The movie builds up to a Great Debate in Tibet, which sounded radically different from the focused clear great debate in Samye which I had read about, with huge implications for what Buddhists believe, at many levels. After the movie, my wife did a web search this morning, in bed by cellphone, which sorted out the true story. There were many great debates in Tibet, but three which stand out:
(1) An early debate (mid 500s?), what I remembered, discussed in great detail in Tricycle magazine https://tricycle.org/ years ago.
Tricycle reported a great debate in the US a few years ago, between the "Mindfulness" school of Buddhism (led by Tibetans) and the "No Mind" or "Mindlessness" school (led by Zen, descendants of Chan, descendants of Bodhidharma of Shao Lin, whose place we have visited and probed).
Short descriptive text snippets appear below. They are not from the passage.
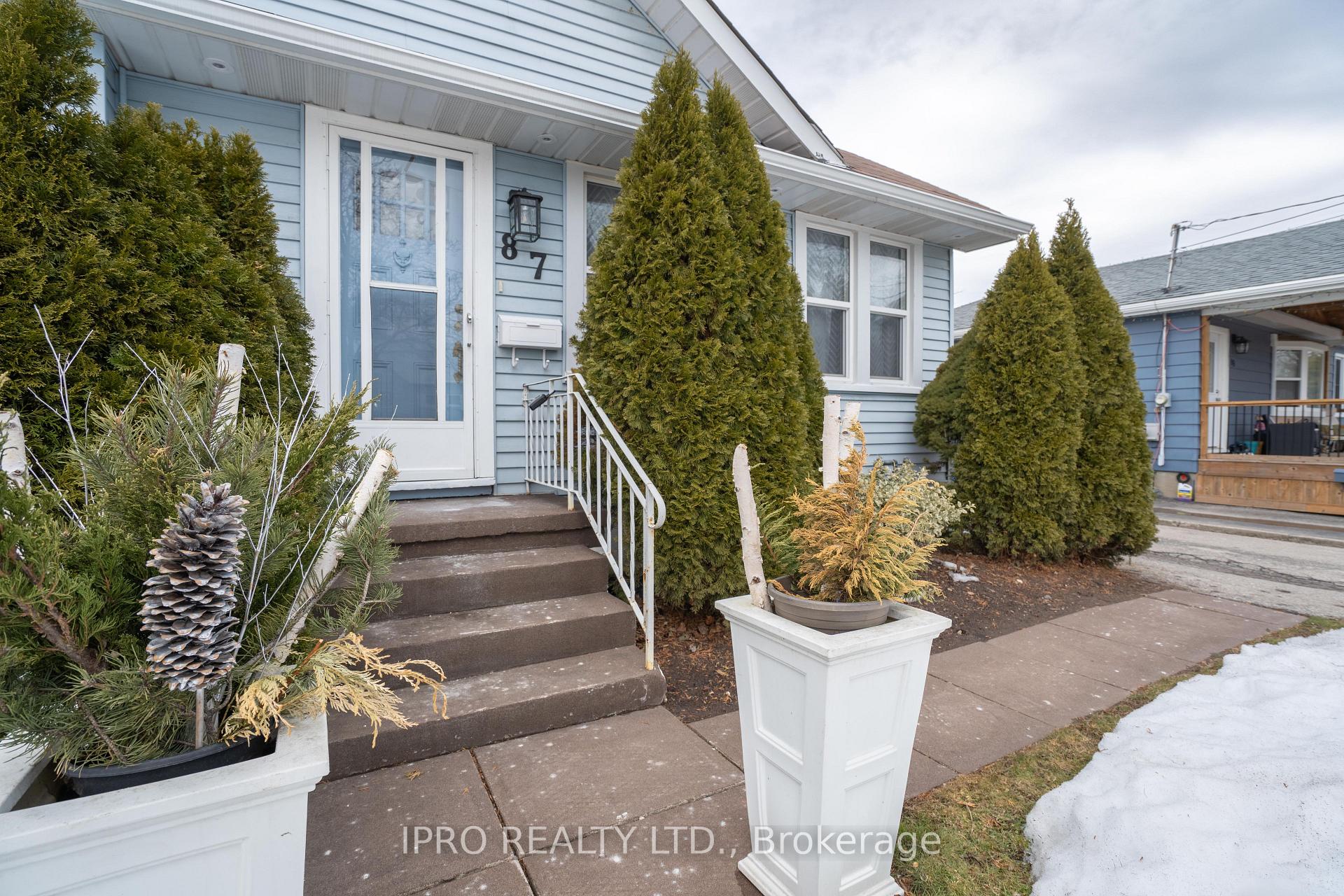 Photo 1 of 87 Fairview Road, Grimsby, Grimsby Beach — HOMEH
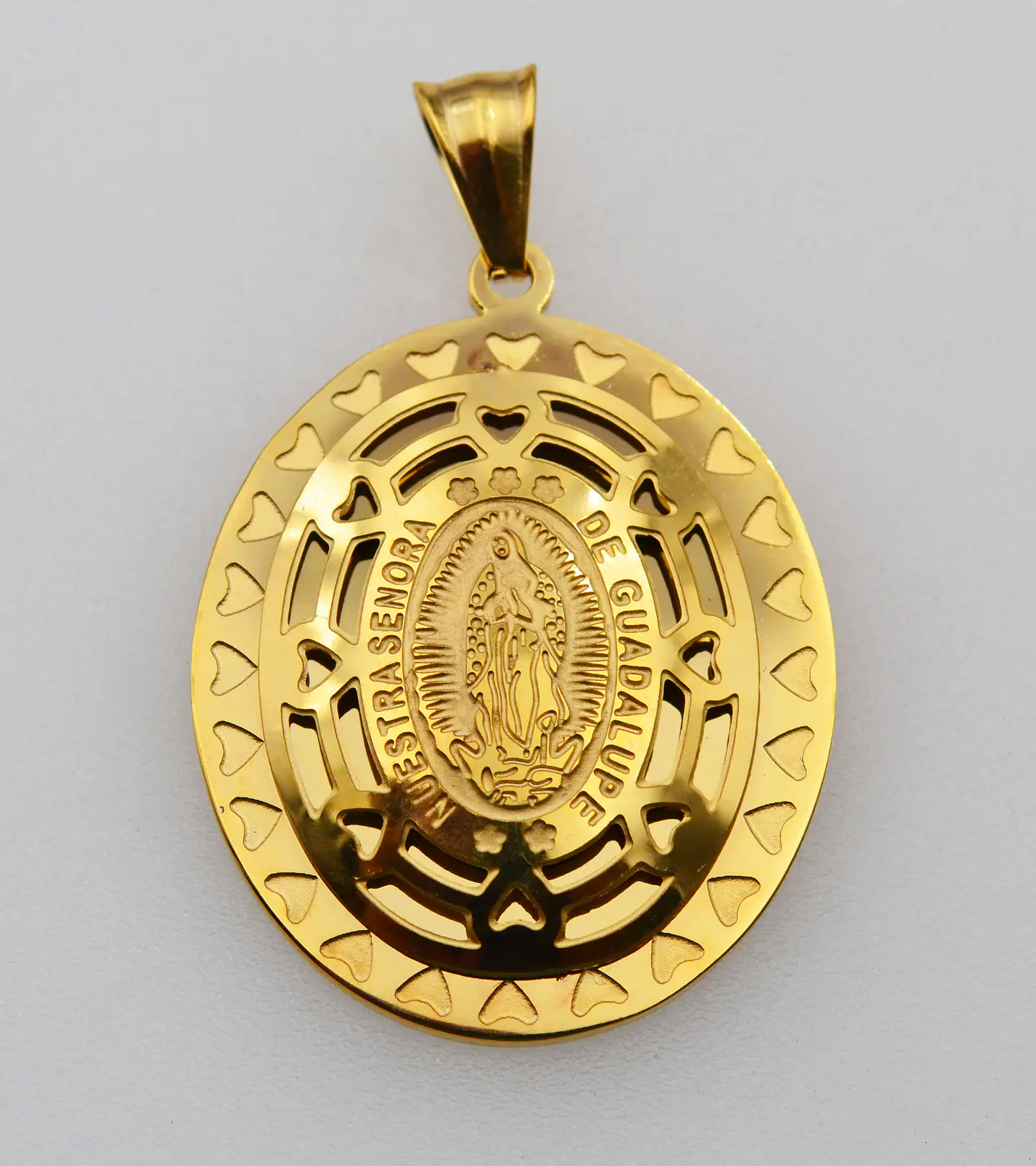 MEDALLA VIRGEN ACERO DORADO 2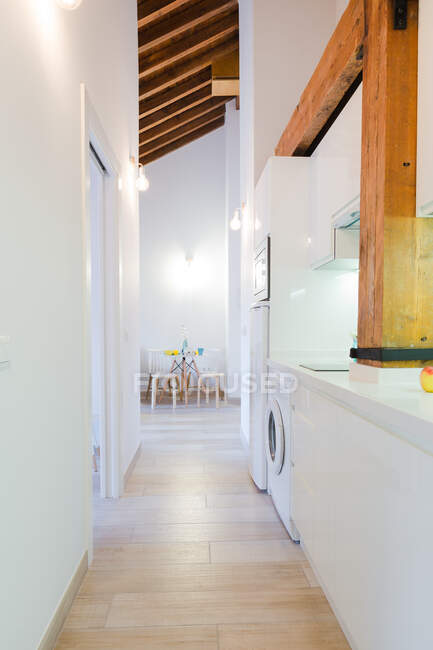 Blick auf Küche und Tisch in weißer Wohnung in modernem Haus — Stockfoto
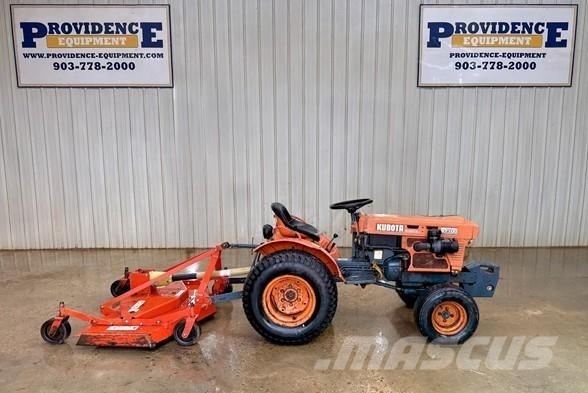 Kubota B7100 Трактори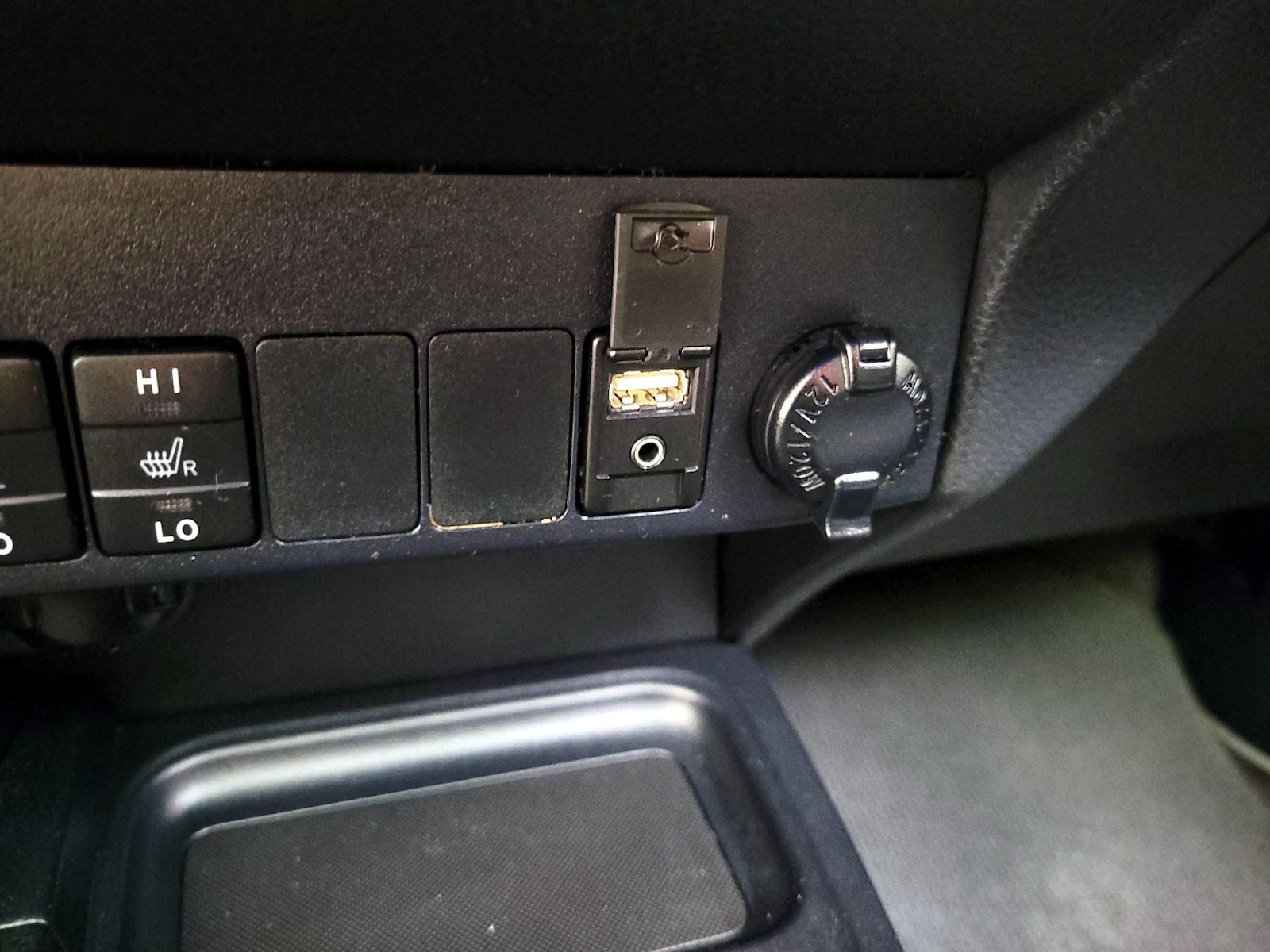 2018 Toyota RAV4 SE - Photo 19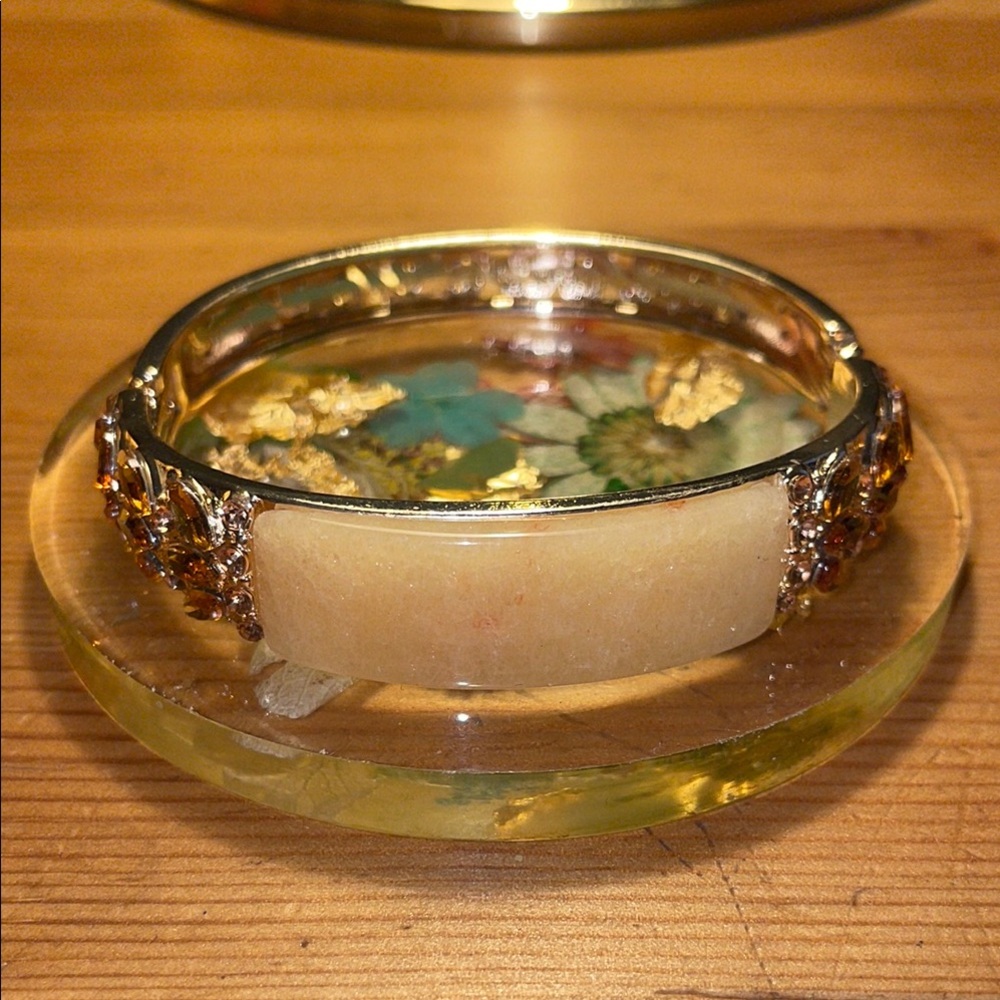 Gold Tone Bangle with Yellow Aventurine and Champagne Glass Stones NWT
I am VERY clear than mindfulness AS OPPOSED to mindlessness is the path of sanity, the path of choosing life, the path which follows nature, life, light, love, "because that is who we are." A later issue of Tricycle described the great debate in Samye on the same issue, where Bodhidharma basically went in exile and loss to China with a few followers, to try to establish his contrary path, in a place which has become famous for economic success and efforts to sell itself as "true Chinese" (since Tibetans would not have him).
(2) The great debate depicted in the movie, which I found very disorienting but which calls out for thought and discussion.
Not at all like The Xuan Yuan I knew so much about!!! Or saw all over Xian!!!
This great debate began with two clear focused positions, like what many of us debate even now!!
One debater takes a position which fits exactly with my core new worldview expressed at http://www.werbos.com/mind_brain_soul.htm. He says something like "Our perceptions of the world are not real, are an illusion, but the world itself IS real." (Actually, BOTH of the families of theories of physics I present in my web page, EWD and HCER, postulate that the world itself is real.) But that debater is labelled as the spokesman for Hinayana Buddhism, which the hero of the movie, Xuan Yuan, is asked to disintegrate. Xuan Yuan argues that our perceptions, our selves AND our world, are BOTH illusions. The hero is less like me and more like Deepak Chopra.
ME A HINAYANA? Wow is that a wild zinger of an idea! I DO remember a video course from Princeton (which my wife also led me to) where they brought in a Vipassana (Hinayana) meditator whose approaches to meditation seemed very close in spirit to many things I had experimented with, and continue to respect, but there are many other historic differences between Hinayana and Mahayana Buddhism.
In any case, if we are still debating reality versus total illusion even now, it is still on the table, a dichotomy of thought reaching
all the way to the noosphere. Am I the last true realist left on earth (now that Einstein etc are dead) who has not ignored or neglected or grossly twisted the hard core evidence we have seen from physics through mathematics?
Is the cosmic mind working (with help from my wife, though she had no such intention) to enlighten me to the fact that Deepak was right in spirit, at some level, however many crucial questions he leaves open on the table? Or is this an instance of Kipling's great poem "If" (which my wife and I both paid very deep attention to for many decades) where he talks about keeping one's head when all about us are losing theirs?
It reminds me of an old Japanese sci fi, The Island of the mushroom eaters, which my wife says was a remake of a very old repeated story in human literature. And hell, there are Marxists who talk about the power of the folks who keep feeding opiates to the masses. (But is Xi now one of those folks, if HE supports the version of Xuan Yuan in this movie? And Putin's house Rasputin as well?)
Again, I have to admit I do not REALLY know who is ultimately right in the great debate. The realist worldview has plenty more to give us and enlighten us about, and my next tasks do build on where it leads me, in quantum technology. What could we DO about a fuzzy all-possibilities belief that reality as such is an illusion? Yet there was ... well, we have discussed several ways one MIGHT try to do something more meaningful with the nonrealist position, other than classic psychotic mushroom eating. We mentioned the world-is-a-school school, the astral realism school, and the People Are Real World is Not school. I guess we should keep out eyes open, with peripheral vision as best we can,
but now...
Having done this duty, I will go to the next one, an incredibly focused looking-ahead task in quantum areas. I do agree with the neuroscientist Levitin that we need to BALANCE shifts of focus, and now I must shift.
My wife noted a third great debate later in Samye on whether enlightenment must be gradual or sudden, or a middle way. But not today for me.
Who are those creatures who claim to tell us they know exactly what all Buddhists believe?